# How well does the BG know your gun?



## L8models (May 5, 2006)

If you were involved in a physical hands on confrontation with a bad guy, how easy would it be for the bg to fire your weapon against you? Does your carry weapon have an external manual safety like a 1911 or a internal grip and trigger safety such as a Springfield XD or Glock? Even if the bad gun knew nothing about a handgun, could he easily fire your weapon back at you? Does your holster have a thumb break or retention system or is it a open style holster?


----------



## Mike Barham (Mar 30, 2006)

I normally carry a Glock, which is obviously a "point and pull" pistol. I also use an open-top concealment holster. Since my pistol is properly concealed, I don't waste a lot of mental energy on worrying about a criminal swiping my pistol off my hip, since he can't even see it. I also know some retention technique, which is something every gun carrier should know.

If I were carrying openly, I would do so in a Level II retention holster if wearing a point and pull gun. Alternately, I'd carry a 1911-pattern gun in a Level I holster.


----------



## Shipwreck (Jan 26, 2006)

Yes, even with a thumb break - all these leather CCW holsters have no retention. If U are worried about retention, U need those holsters that most police officers carry - gun won't come out w/o pulling at a certain angle.
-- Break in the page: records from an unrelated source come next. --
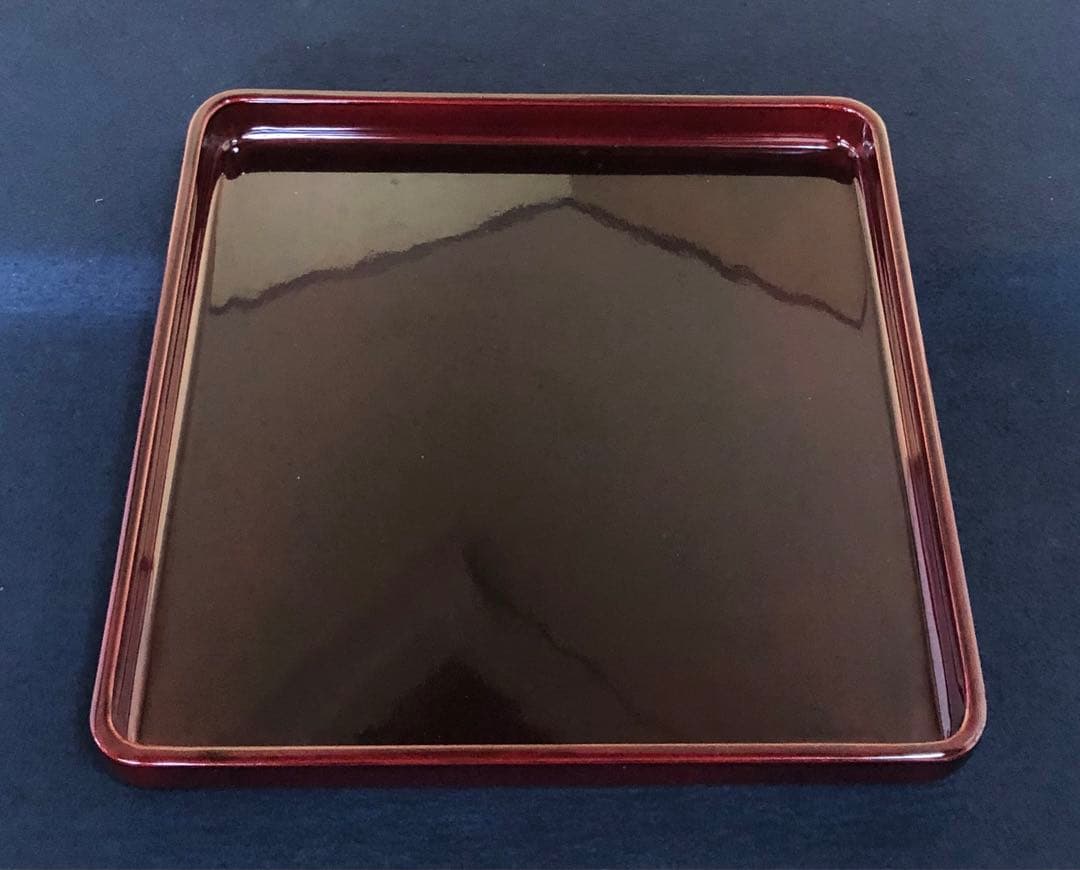 《レ》春慶塗 会席膳5客 四方膳 銘々膳 木製漆器 木箱　260203く4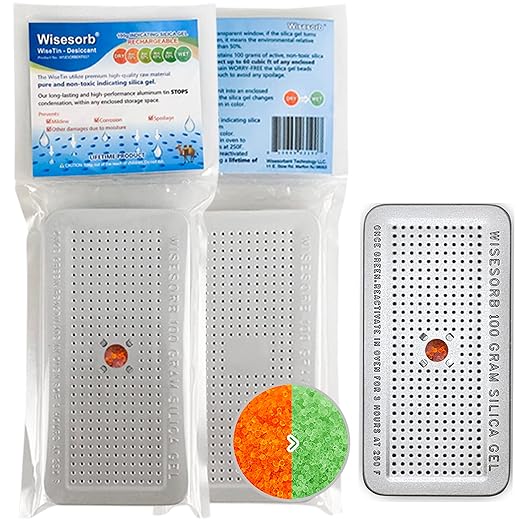 100 Gram 20 Pack Indicating Silica Gel Canister, Gun Safe Dehumidifier by Wisesorb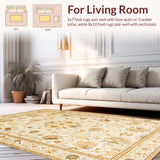 Ultra Soft Area Rug, Non Slip, Stain Resistant, Washable Area Rugs for Living Room, Bedroom, Elegant Earthy Floral Motif(Beige)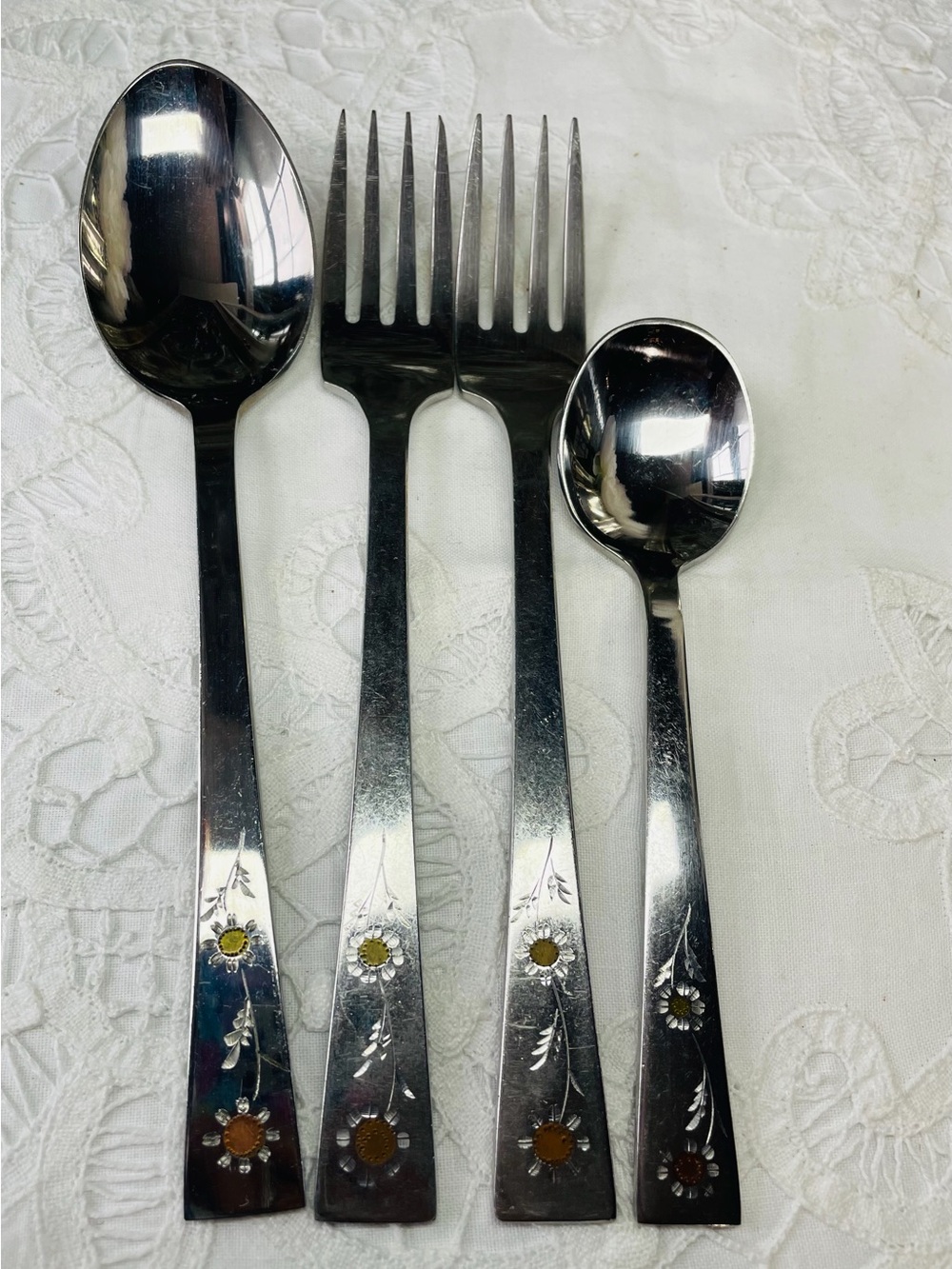 Nasco Radiant Stainless steel flatware set vintage Japan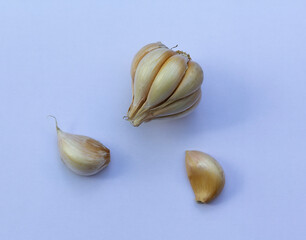 Organic garlic. Fresh garlic cloves and garlic bulb on white background, healthy eating, copy space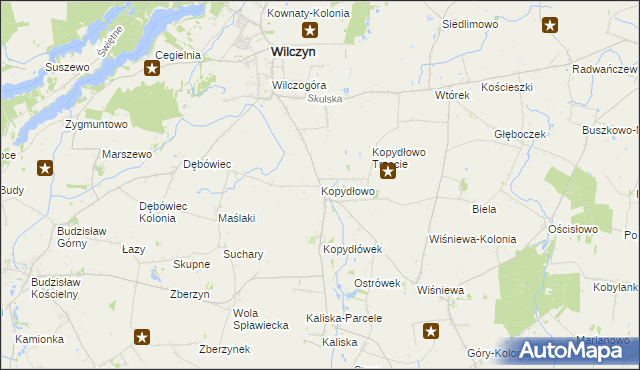 mapa Kopydłowo gmina Wilczyn, Kopydłowo gmina Wilczyn na mapie Targeo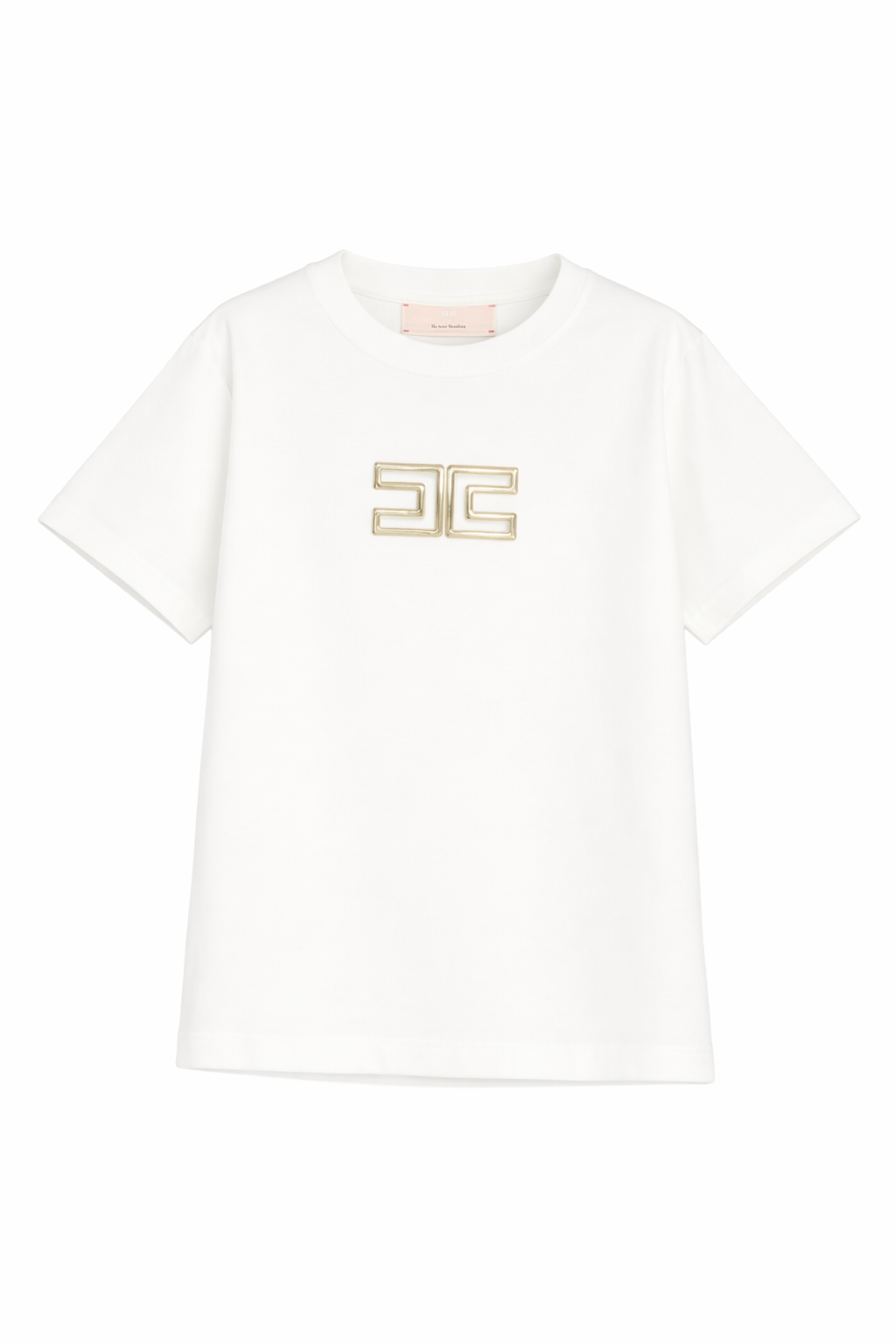 T-shirt per bambina Elisabetta Franchi La Mia Bambina bianca con dettaglio logo EFTS2610JE006 0115 ElISABETTA FRANCHI KIDS 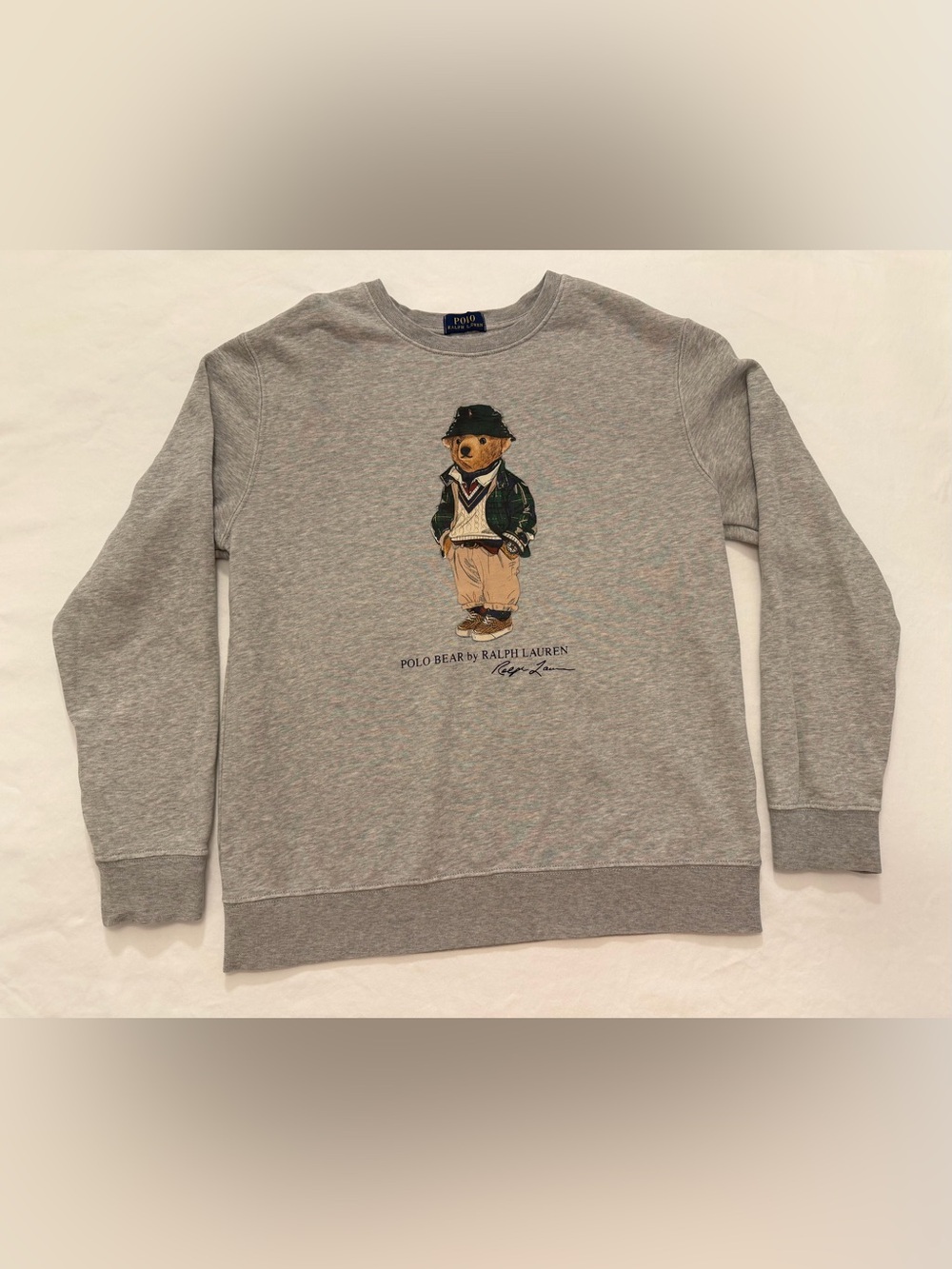 Ralph Lauren Polo Green Plaid Polo Bear Boys Grey Sweatshirt - Picture 14 of 14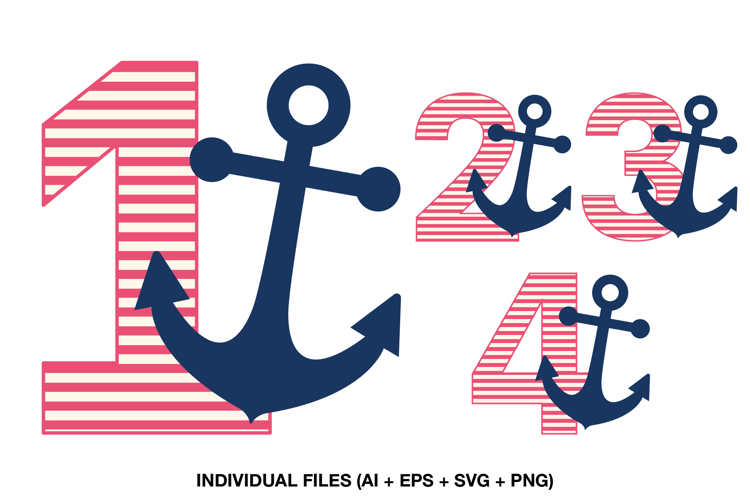 Nautical Birthday Number Clipart, Pink Striped Anchor PNG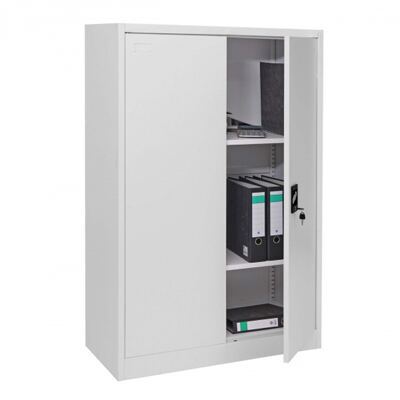 Aktenschrank Stahlschrank Büroschrank, 2 Türen 140x90cm grau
I like thumb break belt holsters from my time carrying 1911s. So, I get that when I buy a leather waise belt holster. It also gives me a little more peace of mind that it won't fly out accidentally.


----------



## john doe. (Aug 26, 2006)

Mike Barham at Galco said:


> I normally carry a Glock, which is obviously a "point and pull" pistol. I also use an open-top concealment holster. Since my pistol is properly concealed, and don't waste a lot of mental energy on worrying about a criminal swiping my pistol off my hip, since he can't even see it. I also know some retention technique, which is something every gun carrier should know.
> 
> If I were carrying openly, I would do so in a Level II retention holster if wearing a point and pull gun. Alternately, I'd carry a 1911-pattern gun in a Level I holster.


Same here.


----------



## SuckLead (Jul 4, 2006)

When I carry my Bersa I usually have it on my ankle, and the safety is on, no round in the chamber. I have gotten it to a habit now to chamber one as I am pulling it out, though, so there would be a chambered round at the point you speak of. (I haven't gotten to a level with my Bersa yet where I trust it to not shoot my foot off at random) My Sig is normally on my hip these days in my Galco pancake holster with the thumb break. I learned a few good tricks with this gun and holster via armored transport.


----------



## jwkimber45 (May 6, 2006)

> Since my pistol is properly concealed, I don't waste a lot of mental energy on worrying about a criminal swiping my pistol off my hip, since he can't even see it. I also know some retention technique, which is something every gun carrier should know.


Exactly!!

Also, proper situational awareness will go a long way to prevent a hand to hand conflict with Mr BadGuy


----------